Yes, Kurzweil does discuss new bodies, but, like humanists before him, he privileges the mind as separate and distinct from the body. He seems to argue that technology will give us the freedom to design our own bodies in any ways that our minds can conceive. That our consciousness will be able to inhabit any body that we want it to. Science fiction? Perhaps, but that does not mean we can dismiss it as nonsense. Kurzweil is a smart guy, and his ideas are intriguing. However, there’s a place where he loses me. Just how does my consciousness (call it soul, if you’d like), get from my body to a machine?

Now, I’m right there with him in his thinking that we don’t have to understand how human consciousness works in order to replicate the mechanisms that produce it. Will we make artificial consciousness? I have no doubt. But it seems to me that that consciousness will be inextricably linked to the body that produces it. This notion seems to support Kurzweil’s efforts to argue that the human is a machine, that its software can move from one medium to another, like copying a computer’s operating system from one slower and lower capacity hard drive to another that’s faster and more capacious.

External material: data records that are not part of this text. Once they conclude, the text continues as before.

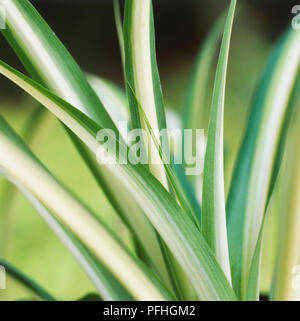 Chlorophytum comosum 'Variegatum', Spider Plant, green and cream coloured long leaved plant. Stock Photo
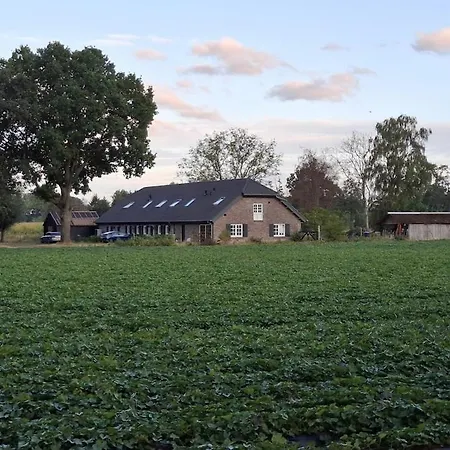 De Strijpse Hoeve, Ruime Woning In De Peel 别墅 Aarle-Rixtel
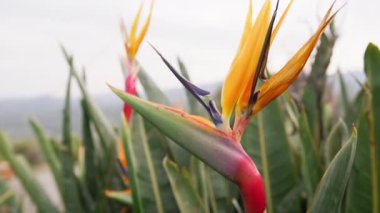 Sersemletici Portakal Çiçeğinin Kapanışı 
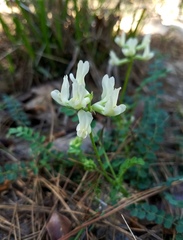 Astragalus soxmaniorum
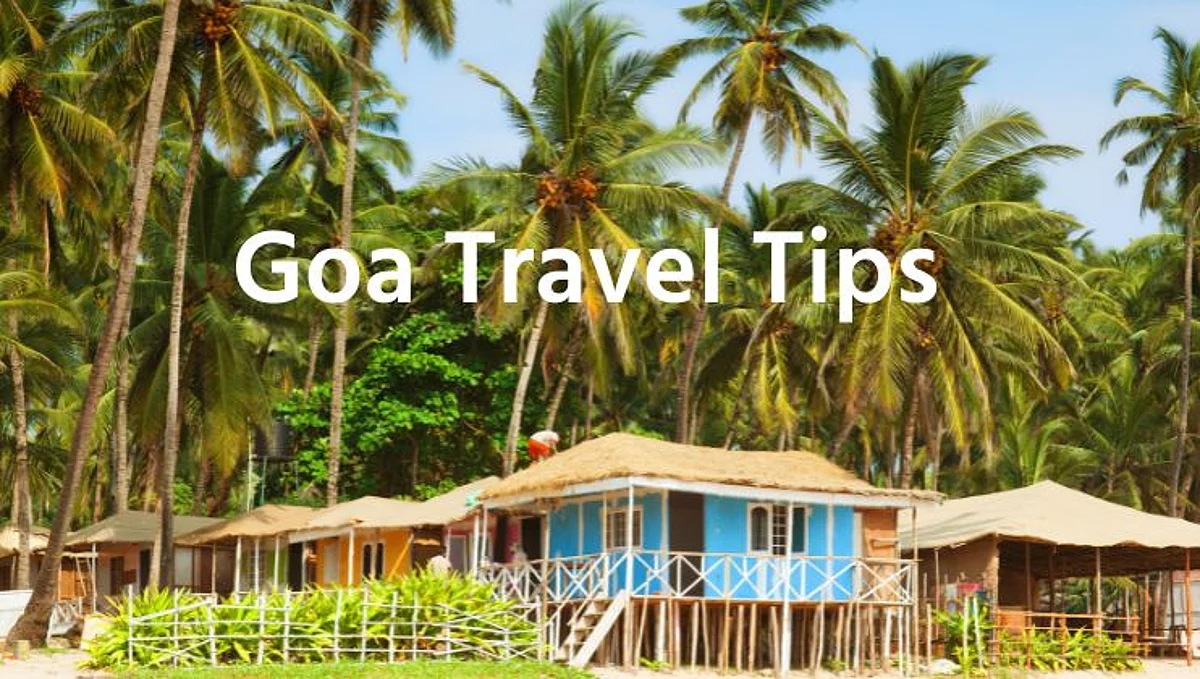 Goa Travel Tips: गोव्याला फिरायचा प्लॅन करताय? बीच सोडून 'या' गोष्टीही पाहाच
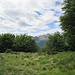 Panorama dal Monte Borgna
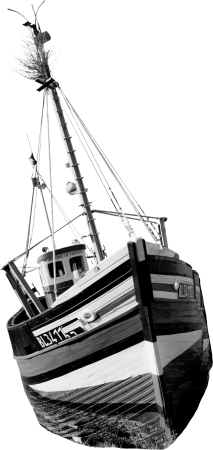 The Boats 182405223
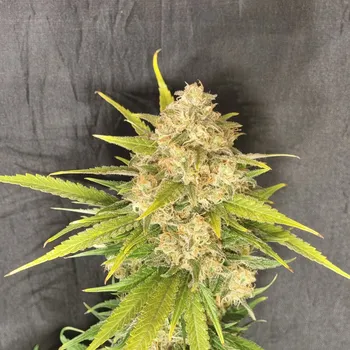 Semeno Pure Instinto - Melon Gum 3 ks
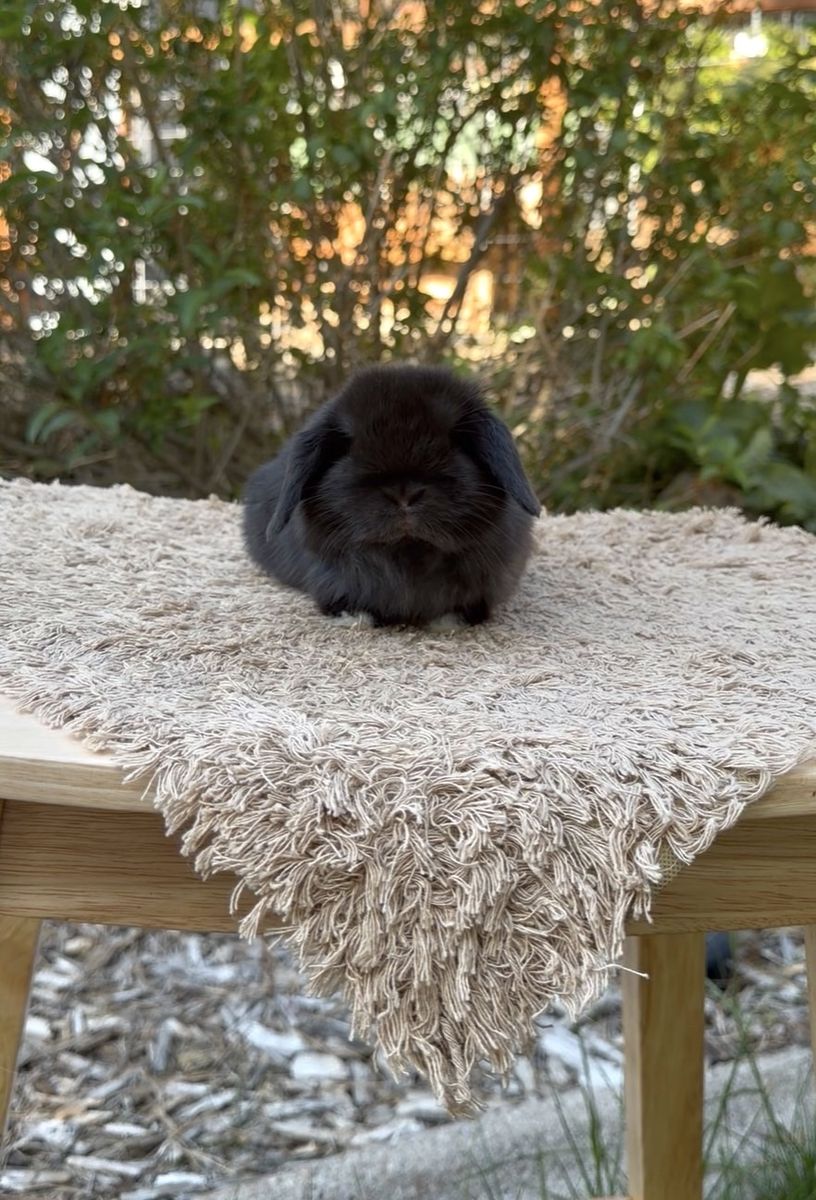Holland Lop Buck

So, with a complete understanding of the human hardware, does it follow that we will be able to move the software to an upgrade? If consciousness is a produce of the intelligence/knowledge equation, then will it soon be possible to leave the meat behind? The irony — and perhaps the flaw — is that in order to get to that point, we first must concentrate on the meat.

One more question: how much will this cost? Kurzweil’s book is alarmingly free of economic concerns. Try Bill Joy or Bruce Sterling for views on technoclass.


  1. Kurzweil 1999, p. 2.
  2. Kurzweil 1999, p. 14.
  3. Kurzweil 1999, p. 73.
  4. Kurzweil 1999, p. 5.
  5. 5.0 5.1 Kurzweil 1999, p. 91.
  6. Kurzweil 1999, p. 126.
  7. Kurzweil 1999, pp. 126, 129.

Work Cited

  • Kurzweil, Ray (1999). The Age of Spiritual Machines: When Computers Exceed Human Intelligence. New York: Viking Penguin.